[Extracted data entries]
-------------------------

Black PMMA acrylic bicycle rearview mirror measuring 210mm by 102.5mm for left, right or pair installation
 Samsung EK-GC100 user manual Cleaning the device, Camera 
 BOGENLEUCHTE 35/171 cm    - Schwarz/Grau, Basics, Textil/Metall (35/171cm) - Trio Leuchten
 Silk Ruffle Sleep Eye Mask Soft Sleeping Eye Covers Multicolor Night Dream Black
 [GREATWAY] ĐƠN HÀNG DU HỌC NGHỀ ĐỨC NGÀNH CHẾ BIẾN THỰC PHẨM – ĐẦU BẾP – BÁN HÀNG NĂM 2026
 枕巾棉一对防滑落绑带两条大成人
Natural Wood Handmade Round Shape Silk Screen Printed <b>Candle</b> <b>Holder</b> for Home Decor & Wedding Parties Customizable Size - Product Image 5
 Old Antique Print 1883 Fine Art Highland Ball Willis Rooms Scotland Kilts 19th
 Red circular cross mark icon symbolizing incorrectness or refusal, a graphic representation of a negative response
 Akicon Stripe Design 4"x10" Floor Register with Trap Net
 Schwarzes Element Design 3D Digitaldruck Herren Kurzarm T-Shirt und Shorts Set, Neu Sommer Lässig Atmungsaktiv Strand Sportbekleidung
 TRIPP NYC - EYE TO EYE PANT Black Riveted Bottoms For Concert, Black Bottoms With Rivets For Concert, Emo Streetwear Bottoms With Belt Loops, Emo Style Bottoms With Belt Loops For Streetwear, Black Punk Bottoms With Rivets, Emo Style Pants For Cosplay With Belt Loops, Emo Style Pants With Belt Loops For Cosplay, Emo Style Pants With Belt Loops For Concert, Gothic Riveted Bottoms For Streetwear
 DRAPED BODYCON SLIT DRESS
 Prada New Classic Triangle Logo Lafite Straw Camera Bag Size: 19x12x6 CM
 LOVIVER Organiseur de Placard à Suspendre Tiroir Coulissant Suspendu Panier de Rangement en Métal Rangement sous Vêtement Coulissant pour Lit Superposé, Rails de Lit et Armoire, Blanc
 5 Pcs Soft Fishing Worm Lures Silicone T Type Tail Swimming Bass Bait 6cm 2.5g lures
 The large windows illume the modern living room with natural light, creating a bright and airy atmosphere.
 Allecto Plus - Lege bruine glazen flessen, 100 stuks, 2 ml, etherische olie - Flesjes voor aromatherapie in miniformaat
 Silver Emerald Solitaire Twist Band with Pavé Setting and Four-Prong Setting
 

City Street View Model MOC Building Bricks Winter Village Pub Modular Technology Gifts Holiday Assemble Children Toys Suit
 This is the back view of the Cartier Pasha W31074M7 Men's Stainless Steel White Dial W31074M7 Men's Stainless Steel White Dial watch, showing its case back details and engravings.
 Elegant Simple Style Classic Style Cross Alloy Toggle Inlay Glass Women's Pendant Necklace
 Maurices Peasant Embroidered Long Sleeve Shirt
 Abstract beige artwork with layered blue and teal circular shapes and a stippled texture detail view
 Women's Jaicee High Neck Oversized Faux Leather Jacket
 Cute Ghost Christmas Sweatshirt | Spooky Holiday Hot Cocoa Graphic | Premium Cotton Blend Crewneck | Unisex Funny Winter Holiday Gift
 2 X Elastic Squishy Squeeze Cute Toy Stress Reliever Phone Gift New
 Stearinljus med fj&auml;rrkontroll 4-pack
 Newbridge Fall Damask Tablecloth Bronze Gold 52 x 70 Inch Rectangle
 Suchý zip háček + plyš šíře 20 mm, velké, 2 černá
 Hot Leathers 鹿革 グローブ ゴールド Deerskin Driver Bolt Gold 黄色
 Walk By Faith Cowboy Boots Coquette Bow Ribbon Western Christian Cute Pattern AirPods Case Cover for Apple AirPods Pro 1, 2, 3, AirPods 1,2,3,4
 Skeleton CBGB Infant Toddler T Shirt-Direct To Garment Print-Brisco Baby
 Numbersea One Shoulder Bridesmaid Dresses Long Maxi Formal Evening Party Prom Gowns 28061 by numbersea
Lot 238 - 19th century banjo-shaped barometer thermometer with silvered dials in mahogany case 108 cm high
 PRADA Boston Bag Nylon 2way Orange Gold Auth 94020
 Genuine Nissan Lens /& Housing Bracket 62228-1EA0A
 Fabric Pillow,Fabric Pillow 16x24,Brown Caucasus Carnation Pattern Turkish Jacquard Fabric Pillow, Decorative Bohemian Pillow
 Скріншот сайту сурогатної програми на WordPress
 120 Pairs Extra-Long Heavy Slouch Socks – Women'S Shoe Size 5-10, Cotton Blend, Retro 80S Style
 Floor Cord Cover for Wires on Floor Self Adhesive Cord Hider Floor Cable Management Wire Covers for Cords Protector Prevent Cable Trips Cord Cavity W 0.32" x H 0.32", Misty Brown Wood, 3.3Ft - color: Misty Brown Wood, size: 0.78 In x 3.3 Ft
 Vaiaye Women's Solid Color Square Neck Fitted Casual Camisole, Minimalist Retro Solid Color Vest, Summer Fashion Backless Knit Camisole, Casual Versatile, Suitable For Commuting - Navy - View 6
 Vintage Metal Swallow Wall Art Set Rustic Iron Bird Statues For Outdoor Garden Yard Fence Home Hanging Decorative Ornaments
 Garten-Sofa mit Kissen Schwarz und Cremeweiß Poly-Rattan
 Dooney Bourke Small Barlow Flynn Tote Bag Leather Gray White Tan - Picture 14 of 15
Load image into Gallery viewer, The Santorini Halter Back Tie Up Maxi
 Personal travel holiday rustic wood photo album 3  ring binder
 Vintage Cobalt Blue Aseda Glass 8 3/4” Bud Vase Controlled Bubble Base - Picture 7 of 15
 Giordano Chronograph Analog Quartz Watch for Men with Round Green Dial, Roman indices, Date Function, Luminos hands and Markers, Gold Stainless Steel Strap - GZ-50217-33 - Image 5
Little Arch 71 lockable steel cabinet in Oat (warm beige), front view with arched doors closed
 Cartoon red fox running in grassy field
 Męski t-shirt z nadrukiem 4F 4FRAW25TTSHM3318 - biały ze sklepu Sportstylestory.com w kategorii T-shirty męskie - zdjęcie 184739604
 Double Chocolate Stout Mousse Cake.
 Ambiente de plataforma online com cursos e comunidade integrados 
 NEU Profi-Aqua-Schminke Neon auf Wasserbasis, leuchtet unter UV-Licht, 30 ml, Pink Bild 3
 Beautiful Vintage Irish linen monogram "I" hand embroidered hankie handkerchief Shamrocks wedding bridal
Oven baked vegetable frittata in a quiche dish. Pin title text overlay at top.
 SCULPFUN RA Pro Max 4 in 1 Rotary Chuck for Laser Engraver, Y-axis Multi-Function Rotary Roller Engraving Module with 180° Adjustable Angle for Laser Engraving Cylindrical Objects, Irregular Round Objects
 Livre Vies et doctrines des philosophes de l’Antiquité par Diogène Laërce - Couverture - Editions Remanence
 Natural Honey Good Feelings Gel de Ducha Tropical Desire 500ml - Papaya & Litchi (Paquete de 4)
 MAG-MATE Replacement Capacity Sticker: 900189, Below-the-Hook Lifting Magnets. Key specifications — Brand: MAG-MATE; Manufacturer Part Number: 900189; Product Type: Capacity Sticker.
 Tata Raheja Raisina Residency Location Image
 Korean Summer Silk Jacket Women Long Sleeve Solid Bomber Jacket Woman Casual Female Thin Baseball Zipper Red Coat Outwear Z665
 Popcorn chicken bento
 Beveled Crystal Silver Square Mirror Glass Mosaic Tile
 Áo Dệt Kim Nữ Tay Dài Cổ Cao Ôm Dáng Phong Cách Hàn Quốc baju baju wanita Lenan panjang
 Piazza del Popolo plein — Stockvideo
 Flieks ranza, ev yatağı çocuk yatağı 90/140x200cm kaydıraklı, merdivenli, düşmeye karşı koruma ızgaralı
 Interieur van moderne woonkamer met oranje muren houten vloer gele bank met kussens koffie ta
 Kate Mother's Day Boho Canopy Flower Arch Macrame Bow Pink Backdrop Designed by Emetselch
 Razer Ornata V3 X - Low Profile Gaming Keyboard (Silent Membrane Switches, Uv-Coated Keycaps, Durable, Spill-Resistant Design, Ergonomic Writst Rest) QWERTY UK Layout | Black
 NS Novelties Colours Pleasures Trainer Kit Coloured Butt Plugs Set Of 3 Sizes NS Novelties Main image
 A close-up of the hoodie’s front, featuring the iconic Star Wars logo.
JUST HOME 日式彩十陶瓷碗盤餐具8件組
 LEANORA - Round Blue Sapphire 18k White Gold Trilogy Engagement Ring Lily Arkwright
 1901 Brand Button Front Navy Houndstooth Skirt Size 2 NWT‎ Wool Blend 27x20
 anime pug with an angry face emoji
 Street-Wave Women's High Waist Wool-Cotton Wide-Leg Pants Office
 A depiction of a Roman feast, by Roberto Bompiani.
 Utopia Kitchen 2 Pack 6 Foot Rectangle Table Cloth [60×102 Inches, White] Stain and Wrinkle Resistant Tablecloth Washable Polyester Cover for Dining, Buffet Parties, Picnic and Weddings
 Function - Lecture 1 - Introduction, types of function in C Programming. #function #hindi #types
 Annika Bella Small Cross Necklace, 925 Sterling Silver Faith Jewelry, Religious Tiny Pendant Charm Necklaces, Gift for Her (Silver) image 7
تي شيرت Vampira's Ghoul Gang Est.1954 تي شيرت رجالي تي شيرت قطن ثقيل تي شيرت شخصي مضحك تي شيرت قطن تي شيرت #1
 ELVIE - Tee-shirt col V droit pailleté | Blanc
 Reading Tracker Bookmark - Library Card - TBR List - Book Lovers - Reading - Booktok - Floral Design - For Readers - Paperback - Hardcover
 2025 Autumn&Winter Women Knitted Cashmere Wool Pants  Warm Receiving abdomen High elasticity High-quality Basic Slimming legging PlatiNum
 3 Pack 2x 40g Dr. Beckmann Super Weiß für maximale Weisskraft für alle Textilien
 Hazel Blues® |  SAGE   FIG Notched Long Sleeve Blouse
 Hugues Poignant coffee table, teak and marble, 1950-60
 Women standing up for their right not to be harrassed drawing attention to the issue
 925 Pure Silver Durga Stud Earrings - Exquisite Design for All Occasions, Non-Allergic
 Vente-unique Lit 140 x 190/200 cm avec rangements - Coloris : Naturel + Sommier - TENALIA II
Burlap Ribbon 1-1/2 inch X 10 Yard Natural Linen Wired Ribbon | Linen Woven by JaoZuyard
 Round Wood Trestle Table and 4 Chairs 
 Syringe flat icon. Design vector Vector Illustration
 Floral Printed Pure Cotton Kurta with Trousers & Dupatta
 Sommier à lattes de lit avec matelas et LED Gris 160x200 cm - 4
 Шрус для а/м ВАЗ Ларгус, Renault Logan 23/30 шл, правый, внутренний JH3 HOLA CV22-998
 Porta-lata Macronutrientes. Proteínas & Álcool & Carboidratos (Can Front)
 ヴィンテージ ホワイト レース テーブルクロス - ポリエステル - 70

-------------------------

### Work required
An exact copy of the lines from the one holding "Floral Printed Pure" through the end of the data is the whole answer.

### Response area
 Floral Printed Pure Cotton Kurta with Trousers & Dupatta
 Sommier à lattes de lit avec matelas et LED Gris 160x200 cm - 4
 Шрус для а/м ВАЗ Ларгус, Renault Logan 23/30 шл, правый, внутренний JH3 HOLA CV22-998
 Porta-lata Macronutrientes. Proteínas & Álcool & Carboidratos (Can Front)
 ヴィンテージ ホワイト レース テーブルクロス - ポリエステル - 70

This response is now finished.